After reading the entries below, copy word for word the lines from the first through the line containing "Kleenex Anti-Viral 3-Ply", and stop there.

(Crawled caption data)

* * * * * * * * *

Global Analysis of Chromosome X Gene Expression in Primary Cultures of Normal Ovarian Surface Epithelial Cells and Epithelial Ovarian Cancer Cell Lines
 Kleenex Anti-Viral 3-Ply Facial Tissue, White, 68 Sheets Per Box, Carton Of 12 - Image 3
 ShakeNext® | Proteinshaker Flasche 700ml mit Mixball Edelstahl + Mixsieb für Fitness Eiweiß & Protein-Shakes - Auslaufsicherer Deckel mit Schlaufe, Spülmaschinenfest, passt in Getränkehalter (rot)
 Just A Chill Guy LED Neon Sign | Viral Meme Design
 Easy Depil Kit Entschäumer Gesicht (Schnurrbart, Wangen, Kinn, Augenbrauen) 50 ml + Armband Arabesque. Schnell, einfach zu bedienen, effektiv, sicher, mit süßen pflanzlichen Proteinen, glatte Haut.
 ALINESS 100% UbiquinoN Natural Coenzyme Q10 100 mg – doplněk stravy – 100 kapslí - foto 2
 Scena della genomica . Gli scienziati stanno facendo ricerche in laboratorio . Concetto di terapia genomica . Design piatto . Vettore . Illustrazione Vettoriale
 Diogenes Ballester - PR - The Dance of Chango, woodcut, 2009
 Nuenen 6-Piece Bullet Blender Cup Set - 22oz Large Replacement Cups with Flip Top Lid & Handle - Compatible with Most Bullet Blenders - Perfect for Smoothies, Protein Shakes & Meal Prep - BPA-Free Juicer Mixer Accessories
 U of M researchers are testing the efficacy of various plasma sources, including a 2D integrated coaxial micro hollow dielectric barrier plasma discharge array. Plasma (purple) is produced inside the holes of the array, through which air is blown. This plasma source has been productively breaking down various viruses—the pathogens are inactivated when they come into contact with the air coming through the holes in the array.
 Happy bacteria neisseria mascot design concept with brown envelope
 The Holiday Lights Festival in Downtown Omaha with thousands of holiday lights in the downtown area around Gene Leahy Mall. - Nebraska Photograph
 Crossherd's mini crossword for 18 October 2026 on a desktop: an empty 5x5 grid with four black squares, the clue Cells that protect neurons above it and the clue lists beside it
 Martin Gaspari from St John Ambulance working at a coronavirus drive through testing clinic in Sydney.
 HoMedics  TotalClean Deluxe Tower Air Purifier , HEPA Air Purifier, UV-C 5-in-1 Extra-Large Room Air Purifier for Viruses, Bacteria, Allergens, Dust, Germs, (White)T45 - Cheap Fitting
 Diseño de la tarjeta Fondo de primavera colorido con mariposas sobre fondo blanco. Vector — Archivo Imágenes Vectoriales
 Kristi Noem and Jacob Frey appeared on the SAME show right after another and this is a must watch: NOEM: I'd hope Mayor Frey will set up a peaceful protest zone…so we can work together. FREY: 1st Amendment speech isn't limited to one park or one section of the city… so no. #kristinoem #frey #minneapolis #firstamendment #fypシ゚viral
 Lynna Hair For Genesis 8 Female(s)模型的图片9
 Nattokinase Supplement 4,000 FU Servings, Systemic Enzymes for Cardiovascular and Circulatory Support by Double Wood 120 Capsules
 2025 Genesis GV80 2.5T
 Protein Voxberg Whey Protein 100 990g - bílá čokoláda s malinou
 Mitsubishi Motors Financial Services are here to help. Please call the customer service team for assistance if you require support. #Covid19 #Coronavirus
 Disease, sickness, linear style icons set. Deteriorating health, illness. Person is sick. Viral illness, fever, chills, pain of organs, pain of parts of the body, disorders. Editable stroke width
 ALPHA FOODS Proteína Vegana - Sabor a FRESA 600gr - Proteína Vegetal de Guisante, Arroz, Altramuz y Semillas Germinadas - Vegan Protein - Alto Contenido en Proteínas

* * * * * * * * *

Your response |
Global Analysis of Chromosome X Gene Expression in Primary Cultures of Normal Ovarian Surface Epithelial Cells and Epithelial Ovarian Cancer Cell Lines
 Kleenex Anti-Viral 3-Ply Facial Tissue, White, 68 Sheets Per Box, Carton Of 12 - Image 3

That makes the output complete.